From 8bb9a306e6290d1a7cf0347e8cf1f83635bb8506 Mon Sep 17 00:00:00 2001
From: Pete Zaitcev <zaitcev@kotori.zaitcev.us>
Date: Jun 27 2014 19:59:50 +0000
Subject: Fix CVE-2014-3497


See bz#1110809.

---

diff --git a/0001-remove-runtime-requirement-on-pbr.patch b/0001-remove-runtime-requirement-on-pbr.patch
index 79fad5e..f1099c2 100644
--- a/0001-remove-runtime-requirement-on-pbr.patch
+++ b/0001-remove-runtime-requirement-on-pbr.patch
@@ -4,8 +4,8 @@ Date: Wed, 9 Oct 2013 12:38:40 +0100
 Subject: [PATCH] remove runtime requirement on pbr
 
 ---
- swift/__init__.py |   18 ++----------------
- 1 files changed, 2 insertions(+), 16 deletions(-)
+ swift/__init__.py | 18 ++----------------
+ 1 file changed, 2 insertions(+), 16 deletions(-)
 
 diff --git a/swift/__init__.py b/swift/__init__.py
 index 9d0e889..d7a4012 100644
diff --git a/0002-Add-fixes-for-building-the-doc-package.patch b/0002-Add-fixes-for-building-the-doc-package.patch
index 1465cc7..a216e36 100644
--- a/0002-Add-fixes-for-building-the-doc-package.patch
+++ b/0002-Add-fixes-for-building-the-doc-package.patch
@@ -10,8 +10,8 @@ Don't access the net and always reference
 the swift module from the package we're building
 Based on Nova/Glance EPEL patch by Pádraig Brady <P@draigBrady.com>
 ---
- doc/source/conf.py |    6 +++---
- 1 files changed, 3 insertions(+), 3 deletions(-)
+ doc/source/conf.py | 6 +++---
+ 1 file changed, 3 insertions(+), 3 deletions(-)
 
 diff --git a/doc/source/conf.py b/doc/source/conf.py
 index 9b1b86c..bf061ad 100644
diff --git a/0003-Set-permissions-on-generated-ring-files.patch b/0003-Set-permissions-on-generated-ring-files.patch
index 80e0084..5c67091 100644
--- a/0003-Set-permissions-on-generated-ring-files.patch
+++ b/0003-Set-permissions-on-generated-ring-files.patch
@@ -13,9 +13,9 @@ that the swift user can read the rings.
 Change-Id: Ia511931f471c5c9840012c3a75b89c1f35b1b245
 Closes-Bug: #1302700
 ---
- swift/common/ring/ring.py          |    1 +
- test/unit/common/ring/test_ring.py |   10 ++++++++++
- 2 files changed, 11 insertions(+), 0 deletions(-)
+ swift/common/ring/ring.py          |  1 +
+ test/unit/common/ring/test_ring.py | 10 ++++++++++
+ 2 files changed, 11 insertions(+)
 
 diff --git a/swift/common/ring/ring.py b/swift/common/ring/ring.py
 index 5b31528..a1f9024 100644
diff --git a/0004-properly-quote-www-authenticate-header-value.patch b/0004-properly-quote-www-authenticate-header-value.patch
new file mode 100644
index 0000000..33c8257
--- /dev/null
+++ b/0004-properly-quote-www-authenticate-header-value.patch
@@ -0,0 +1,95 @@
+From 3b945a2fcbcc8df63cb9e1987741fa12b8f54a8c Mon Sep 17 00:00:00 2001
+From: John Dickinson <me@not.mn>
+Date: Fri, 6 Jun 2014 11:46:41 -0700
+Subject: [PATCH] properly quote www-authenticate header value
+
+HTTP header values should be quoted.

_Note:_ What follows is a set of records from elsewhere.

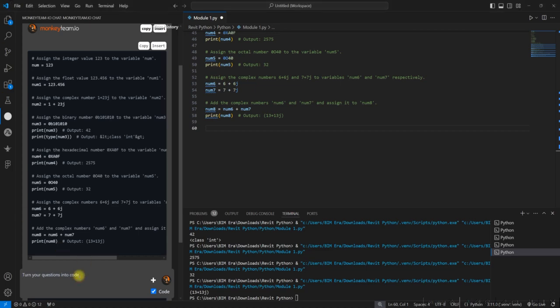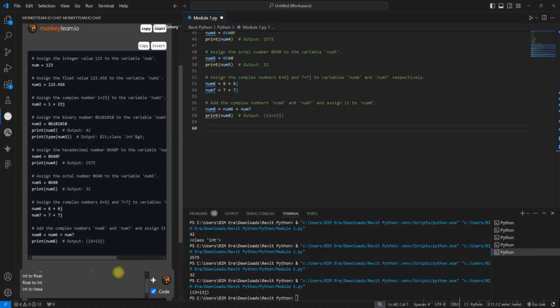How do you act? Act as a Python expert. Python expert, you need an example. I need an example. I'll change it. Act as a Python tutor. I need an example to convert int to float, float to int, int to hex, int to binary, and very important int to string. Let me hit enter.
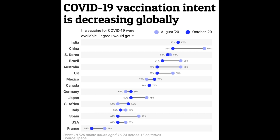In August and October of 2020, Ipsos surveyed people in 15 different countries asking them whether or not they would receive the COVID-19 vaccine once it became available. Well, of course, several months later, the vaccine became available.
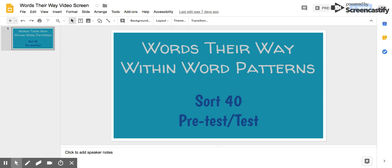Number six, cheese. He loves to eat cheese. Cheese.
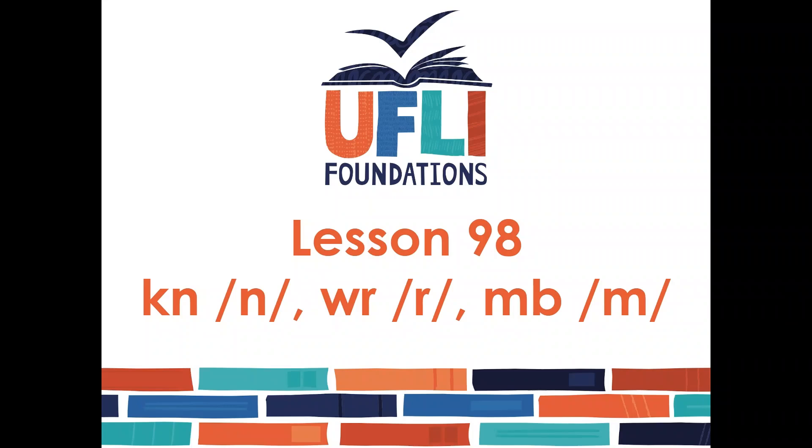Hey there friends! Today we're doing lesson 98 in the UFLI Foundation series, and today we'll be learning about some less common consonant digraphs: K-N, W-R, and M-B.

Since the WWW-Authenticate
+header value contains user-supplied strings, it's important to
+ensure it's properly quoted to ensure the integrity of the protocol.
+
+Previous to this patch, the URL was unquoted and then the unquoted
+value was returned in the header. This patch re-quotes the value
+when it is set on the response.
+
+This is filed as CVS-2014-3497
+
+Fixes bug 1327414
+
+Change-Id: If8bd8842f2ce821756e9b4461a18a8ac8d42fb8c
+(cherry picked from commit b223322ed1ef44f61490f820240aa01f1047ae2e)
+---
+ swift/common/swob.py          |  2 +-
+ test/functional/tests.py      | 13 +++++++++++++
+ test/unit/common/test_swob.py | 22 ++++++++++++++++++++++
+ 3 files changed, 36 insertions(+), 1 deletion(-)
+
+diff --git a/swift/common/swob.py b/swift/common/swob.py
+index 638086e..f4f38c7 100644
+--- a/swift/common/swob.py
++++ b/swift/common/swob.py
+@@ -1203,7 +1203,7 @@ class Response(object):
+                 realm = 'unknown'
+         except (AttributeError, ValueError):
+             realm = 'unknown'
+-        return 'Swift realm="%s"' % realm
++        return 'Swift realm="%s"' % urllib2.quote(realm)
+ 
+     @property
+     def is_success(self):
+diff --git a/test/functional/tests.py b/test/functional/tests.py
+index ad8c398..7983815 100644
+--- a/test/functional/tests.py
++++ b/test/functional/tests.py
+@@ -333,6 +333,19 @@ class TestAccount(Base):
+             self.assertEqual(sorted(containers, cmp=locale.strcoll),
+                              containers)
+ 
++    def testQuotedWWWAuthenticateHeader(self):
++        conn = Connection(config)
++        conn.authenticate()
++        inserted_html = '<b>Hello World'
++        hax = 'AUTH_haxx"\nContent-Length: %d\n\n%s' % (len(inserted_html),
++                                                        inserted_html)
++        quoted_hax = urllib.quote(hax)
++        conn.connection.request('GET', '/v1/' + quoted_hax, None, {})
++        resp = conn.connection.getresponse()
++        resp_headers = resp.getheaders()
++        expected = ('www-authenticate', 'Swift realm="%s"' % quoted_hax)
++        self.assert_(expected in resp_headers)
++
+ 
+ class TestAccountUTF8(Base2, TestAccount):
+     set_up = False
+diff --git a/test/unit/common/test_swob.py b/test/unit/common/test_swob.py
+index 7cc5439..b0452b9 100644
+--- a/test/unit/common/test_swob.py
++++ b/test/unit/common/test_swob.py
+@@ -601,6 +601,28 @@ class TestRequest(unittest.TestCase):
+         self.assertEquals('Me realm="whatever"',
+                           resp.headers['Www-Authenticate'])
+ 
++    def test_401_www_authenticate_is_quoted(self):
++
++        def test_app(environ, start_response):
++            start_response('401 Unauthorized', [])
++            return ['hi']
++
++        hacker = 'account-name\n\n<b>foo<br>'  # url injection test
++        quoted_hacker = quote(hacker)
++        req = swift.common.swob.Request.blank('/v1/' + hacker)
++        resp = req.get_response(test_app)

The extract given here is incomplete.